Where does the word "Page" occur in the material? Copy each line that has it.

--- DATA FOR REVIEW Enclosed Below ---

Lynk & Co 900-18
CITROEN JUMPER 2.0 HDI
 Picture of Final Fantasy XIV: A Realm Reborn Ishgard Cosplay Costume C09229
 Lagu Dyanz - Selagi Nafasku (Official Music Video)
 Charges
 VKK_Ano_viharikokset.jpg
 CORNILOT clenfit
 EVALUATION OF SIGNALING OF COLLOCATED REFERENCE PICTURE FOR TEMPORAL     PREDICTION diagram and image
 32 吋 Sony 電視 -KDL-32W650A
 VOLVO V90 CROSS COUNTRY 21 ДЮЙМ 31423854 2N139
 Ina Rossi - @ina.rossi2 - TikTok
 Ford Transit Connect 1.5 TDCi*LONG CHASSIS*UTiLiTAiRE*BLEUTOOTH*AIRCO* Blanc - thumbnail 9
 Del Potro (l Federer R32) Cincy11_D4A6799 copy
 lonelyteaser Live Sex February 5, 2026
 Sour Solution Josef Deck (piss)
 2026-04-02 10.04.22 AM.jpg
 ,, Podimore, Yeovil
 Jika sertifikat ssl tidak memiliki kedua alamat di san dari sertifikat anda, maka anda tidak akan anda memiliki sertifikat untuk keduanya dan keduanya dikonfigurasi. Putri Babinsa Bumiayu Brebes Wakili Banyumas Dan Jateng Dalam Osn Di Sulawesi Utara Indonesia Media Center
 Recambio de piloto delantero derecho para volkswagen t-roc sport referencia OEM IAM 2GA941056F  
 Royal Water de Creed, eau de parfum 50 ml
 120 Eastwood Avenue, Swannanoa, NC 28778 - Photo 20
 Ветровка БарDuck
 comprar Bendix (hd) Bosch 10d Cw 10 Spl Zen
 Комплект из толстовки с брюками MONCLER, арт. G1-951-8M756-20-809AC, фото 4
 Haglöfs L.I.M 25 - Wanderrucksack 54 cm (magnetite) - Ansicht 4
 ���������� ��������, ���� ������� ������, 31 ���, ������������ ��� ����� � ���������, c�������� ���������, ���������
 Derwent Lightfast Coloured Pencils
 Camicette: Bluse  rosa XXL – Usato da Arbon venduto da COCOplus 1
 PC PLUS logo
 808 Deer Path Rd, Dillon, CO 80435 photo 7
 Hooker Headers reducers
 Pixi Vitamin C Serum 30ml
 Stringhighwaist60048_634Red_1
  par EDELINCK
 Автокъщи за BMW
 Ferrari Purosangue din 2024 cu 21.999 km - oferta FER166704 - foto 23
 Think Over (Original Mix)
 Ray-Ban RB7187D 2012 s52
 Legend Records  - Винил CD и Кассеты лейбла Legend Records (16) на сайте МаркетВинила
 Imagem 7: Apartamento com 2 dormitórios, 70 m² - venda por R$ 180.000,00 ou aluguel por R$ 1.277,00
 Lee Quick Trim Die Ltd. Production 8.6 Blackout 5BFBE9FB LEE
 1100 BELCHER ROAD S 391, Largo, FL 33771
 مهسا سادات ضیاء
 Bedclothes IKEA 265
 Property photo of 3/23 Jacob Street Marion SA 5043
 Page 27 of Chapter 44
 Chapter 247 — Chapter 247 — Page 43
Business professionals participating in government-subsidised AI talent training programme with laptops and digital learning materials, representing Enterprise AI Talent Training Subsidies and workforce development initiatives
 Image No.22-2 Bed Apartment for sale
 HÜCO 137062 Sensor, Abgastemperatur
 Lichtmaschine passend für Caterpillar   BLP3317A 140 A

--- End of Enclosed DATA FOR REVIEW ---

**ANSWER FOR THE TASK:**
 Page 27 of Chapter 44
 Chapter 247 — Chapter 247 — Page 43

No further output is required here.